Cientistas do Departamento têm trabalhado internamente no desenvolvimento de vacinas candidatas, revela Erica Spackman, microbiologista pesquisadora do Serviço de Pesquisa Agrícola da agência e integrante do grupo de cientistas que lideram os testes de vacinas para aves. A Dra. Spackman e seus colegas pretendem testar várias vacinas em potencial – incluindo aquelas já licenciadas e as novas vacinas candidatas – em galinhas, perus e patos domésticos, disse ela.
Se as vacinas existentes se mostrarem eficazes, elas poderão ser implantadas mais rapidamente do que as novas vacinas. Normalmente, o processo de aprovação de vacinas para animais pode levar até três anos, embora Stepien tenha dito que o prazo pode ser encurtado em caso de emergência.
A Dra. Spackman estimou que ela e seus colegas provavelmente não terão seu primeiro conjunto de resultados pronto para compartilhar até maio. “E persistirá sempre, no âmbito da produção, a questão da rapidez com que a empresa poderá realmente produzir e fornecer a vacina”, acrescenta ela.
Além da ciência, há considerações econômicas. Os Estados Unidos são o maior exportador mundial de produtos avícolas, e seus parceiros comerciais querem garantias de que não estão importando carne de aves infectadas. A vacinação pode tornar mais difícil provar que as aves não foram afetadas pela doença.
Como a maior parte das exportações avícolas norte-americanas está representada pela carne de frango, não será surpresa o National Broiler Council (NBC), representante do setor, se opor à vacinação, comenta Amy Hagerman, economista agrícola da Universidade Estadual de Oklahoma.
“Embora a proposta seja aparentemente atrativa e propicie solução imediata para um problema generalizado, a vacinação não é solução tão simples”, retruca Tom Super, Vice-Presidente Sênior de Comunicações do NBC, explicando que o setor exporta 18% de sua produção e que perder esse mercado custaria “bilhões e bilhões de dólares”.
Porém, o setor de perus – mais duramente atingido pelo vírus, mas exportando apenas 9% de sua carne – está aberto à vacinação. “Reconhecemos que a vacinação unilateral terá um impacto severo nas exportações”, disse Joel Brandenberger, presidente da National Turkey Federation (NTF). “Ao mesmo tempo, instamos e continuamos a instar o governo federal a agir o mais rápido possível no intuito de desenvolver novos acordos com os parceiros comerciais”.

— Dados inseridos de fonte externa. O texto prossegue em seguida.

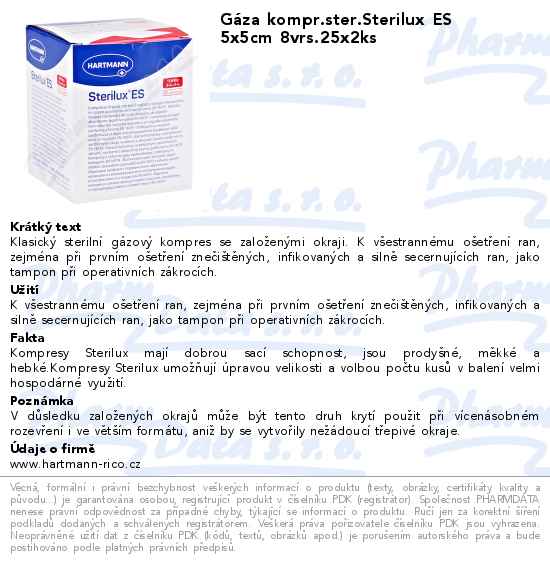 GĂˇza kompr.ster.Sterilux ES 5x5cm 8vrs.25x2ks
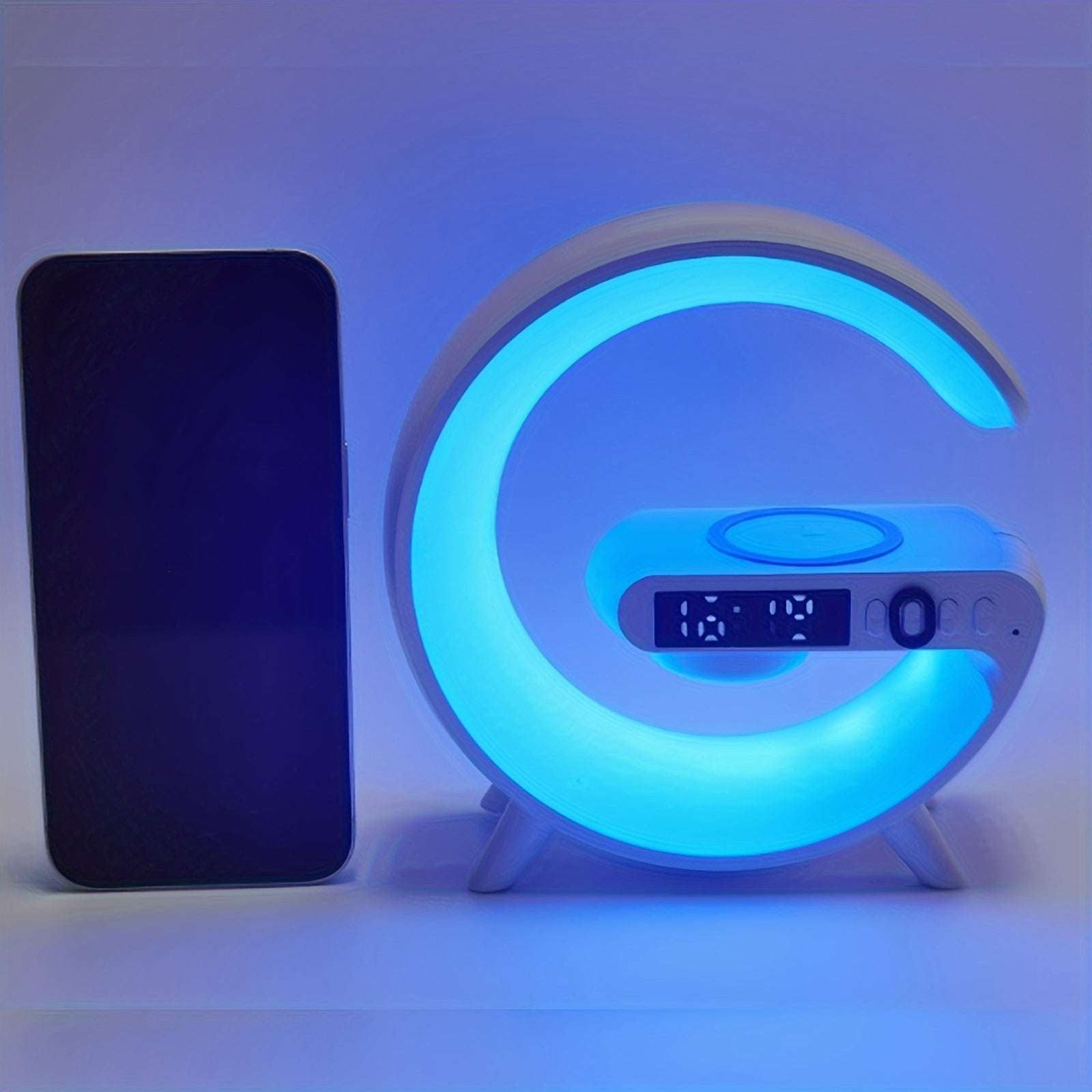 Wireless Wireless Speaker with Wireless Fast Charging, Rhythm RGB Light, Strip Smart Lamp, Sunrise Alarm Clock, Bedroom Wake-up Light, Dimmable Desk Lamp - Epic Store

Um punhado de países nos quais a gripe aviária é endêmica, incluindo China, Egito e Vietnã, já vacina rotineiramente o plantel avícola contra a doença. Normalmente as vacinas são injetadas individualmente nas aves e requerem mais de uma dose, comenta o Dr. Leslie Sims, consultor veterinário internacional na prevenção e controle de doenças zoonóticas residente na Austrália.
“Embora o custo varie, pode chegar a alguns centavos por dose”, acrescenta.

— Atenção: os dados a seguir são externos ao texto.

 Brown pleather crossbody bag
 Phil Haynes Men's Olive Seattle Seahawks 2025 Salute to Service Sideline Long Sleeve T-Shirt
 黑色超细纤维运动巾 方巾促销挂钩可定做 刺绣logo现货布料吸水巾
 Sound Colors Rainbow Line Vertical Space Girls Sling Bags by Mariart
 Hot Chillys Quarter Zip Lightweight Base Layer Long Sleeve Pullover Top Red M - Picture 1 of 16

Ainda assim, até mesmo os defensores da vacina reconhecem que uma campanha de vacinação em massa não será um processo rápido. Os Estados Unidos produzem mais de nove bilhões de frangos por ano apenas para carne. Uma instalação de produção de ovos contendo cinco milhões de poedeiras pode levar dois anos para vacinar um volume de aves suficiente para atingir altos níveis de imunidade da população, cita o Dr. Cardona.

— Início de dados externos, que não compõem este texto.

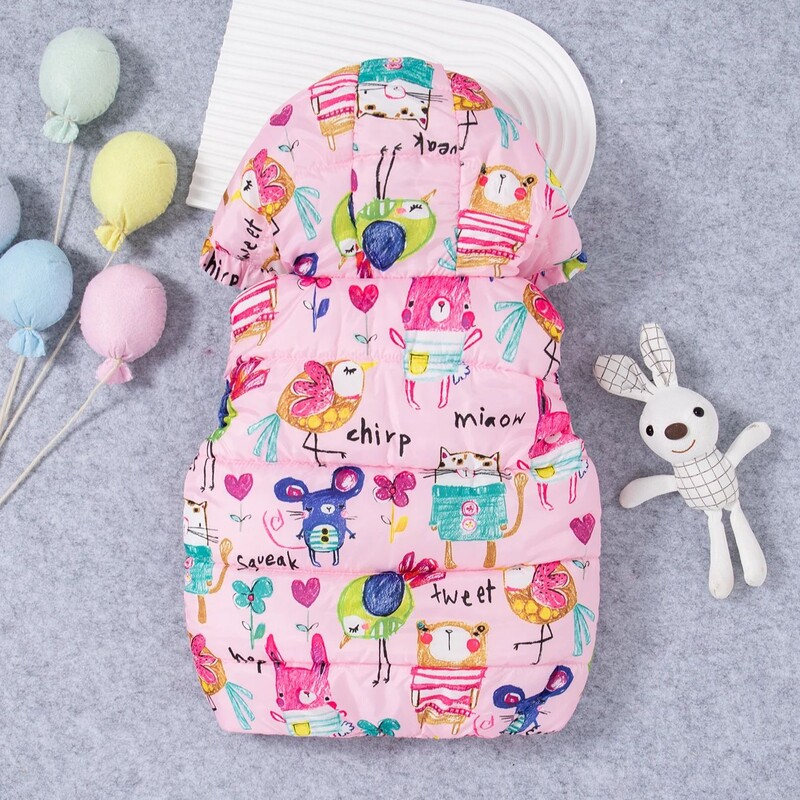 Naujos žieminės storos ir šiltos liemenės berniukui ir mergaitei, spalvingi vaikiški drabužėliai su gobtuvu grafiti nuo 6 mėnesių iki 3 metų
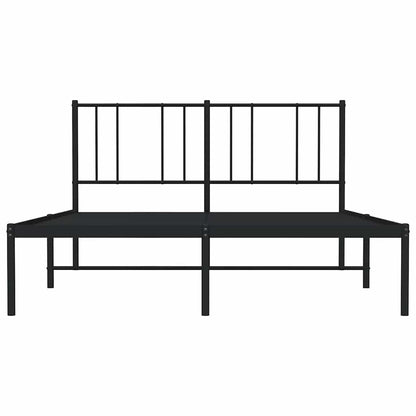 Metal Bed Frame without Mattress with Headboard Black 120x190cm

Alguns críticos já levantaram a preocupação de que a vacinação possa reduzir a gravidade da doença nas aves sem interromper a transmissão, o que permitiria uma disseminação assintomática e sem detecção do vírus, ao mesmo tempo que estimularia o surgimento de novas variantes imuno-evasivas. Mas Richard J. Webby, especialista em gripe aviária do St. Jude Children’s Research Hospital, afirma que “não há muitas evidências disso, pelo menos em um programa de vacinação de qualidade”.
Qualquer que seja o caminho que os Estados Unidos tomem, diz o Dr. Webby, o vírus provavelmente se tornará endêmico em aves selvagens na América.
“Essa coisa”, enfatiza, “está aqui para ficar”.